The House of Delegates race in District 13 also was discussed. It was widely agreed that Guy Guzzone is the safest incumbent in this district, followed by Shane Pendergrass. The group perceived Frank Turner as the most vulnerable incumbent and that Ed Priola had the best chance of the four Repubs vying for a seat in this heavily Dem district.
One of the more interesting observations by one of the group was about the primary battle between Mary Kay Sigaty and Alan Klein. This political observer put the odds in this race at 60/40 in Mary Kay’s favor, which is a little too close for comfort. It was pointed out the primary contests in off year elections like this are dominated by the true believers. The trouncing that Linda Odum took at the hands of Phil Kirsch in the Columbia Council election this past spring augured well for Klein.

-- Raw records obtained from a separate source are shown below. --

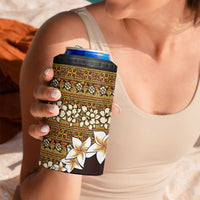 Vintage Hibiscus Turtle Pattern 4 in 1 Can Cooler Tumbler with Plumeria Half Style LT9 - Polynesian Pride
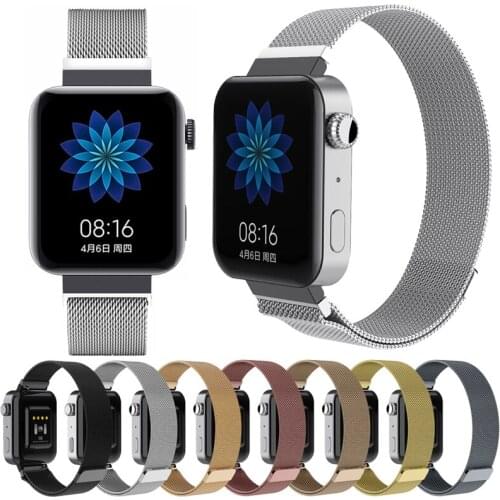 18mm Metal Mesh Watch Band for Xiaomi Mi Smart Watch Stainless Steel Wristband Adjustable Classic Men Bracelet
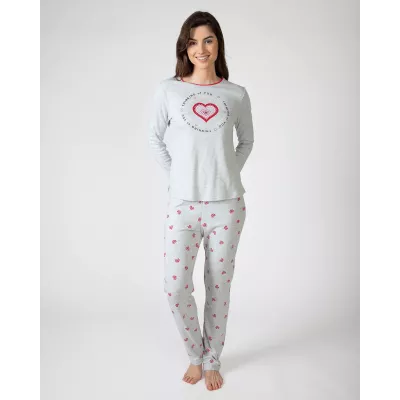Pigiama Donna Inverno P751206 Grigio Massana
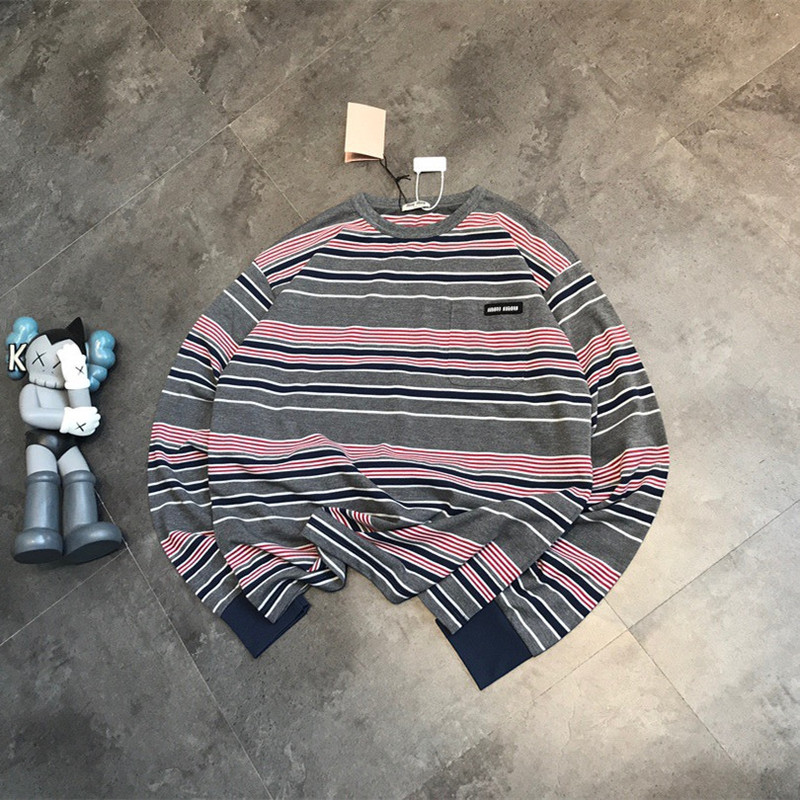 Miu Nanyou Striped Pocket Letter Long-Sleeve T-Shirt, New Spring and Autumn Women's Loose Round-Neck Trendy Style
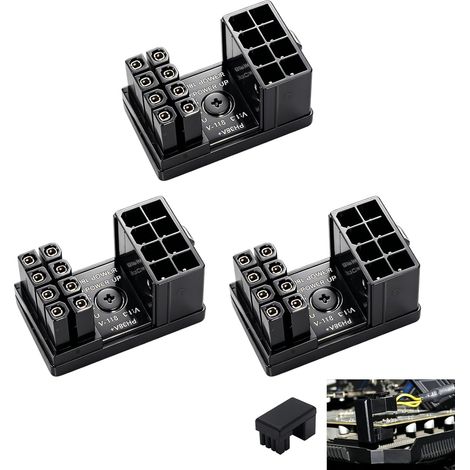 3 Pièces Adaptateur Alimentation GPU PCIe 8 Broches, Connecteur GPU 180 Degrés U-Turn, Connecteur Coudé pour Carte Graphique PC, Raccord VGA pour Gestion des Câbles, Gain de Place Installation Facile (1/5)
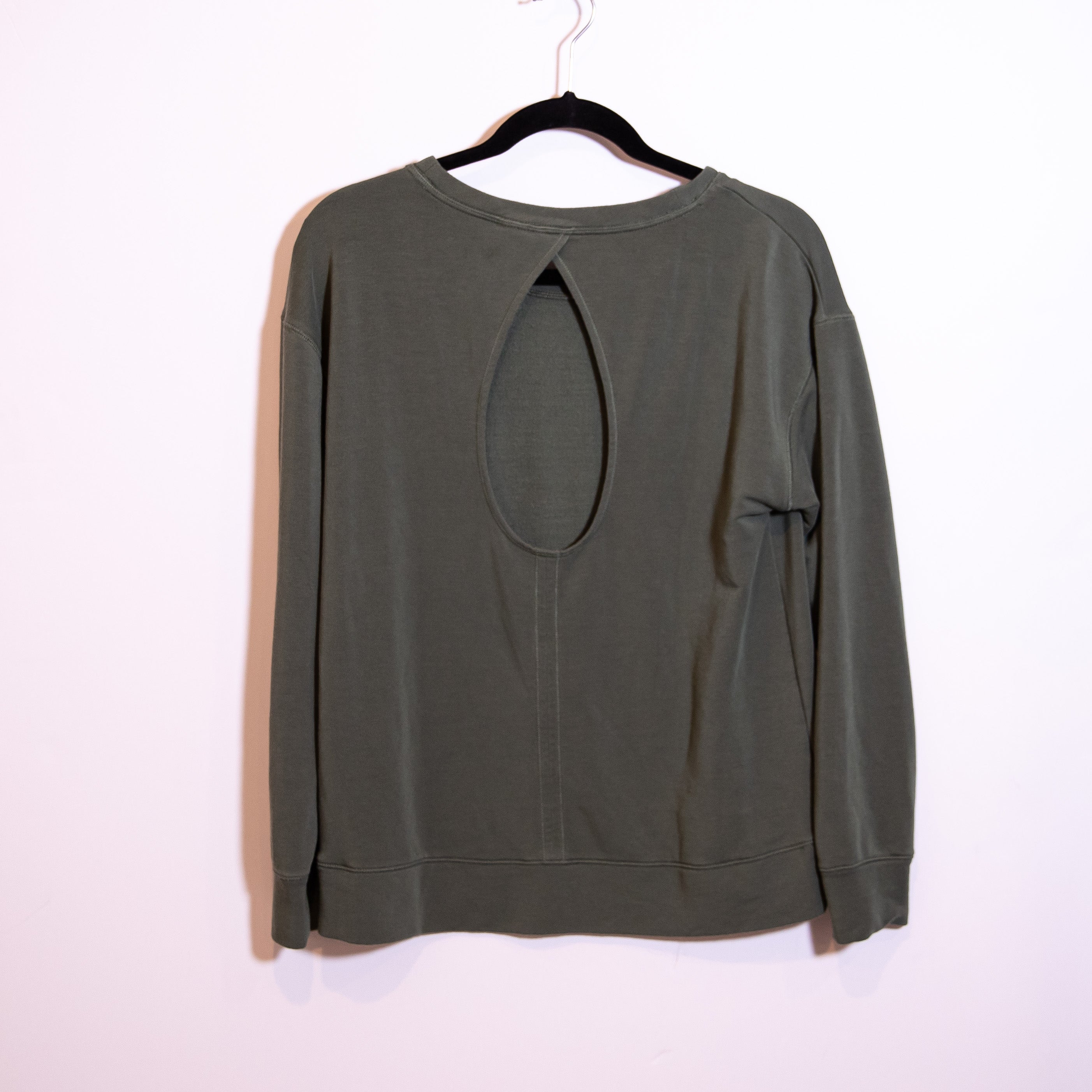 Calia By Carrie Underwood Open Back Crew Neck Long Sleeve Pullover Sweater Green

Nobody in the group liked slates. I personally happen to think that they are an insult to the voter. Just because I like Guy Guzzone doesn’t mean I like Shane Pendergrass. If anything that association detracts from Guy. I think candidates should stand on their own two feet, not on somebody elses slate.
And speaking of Guy, this group did not shy from looking into the HoCo politico future either. It was widely agreed that Guy will make a run for county executive in 2014 but not without a challenge from Courtney Watson. The Repub candidate for county exec that year will likely be Alan Kittleman.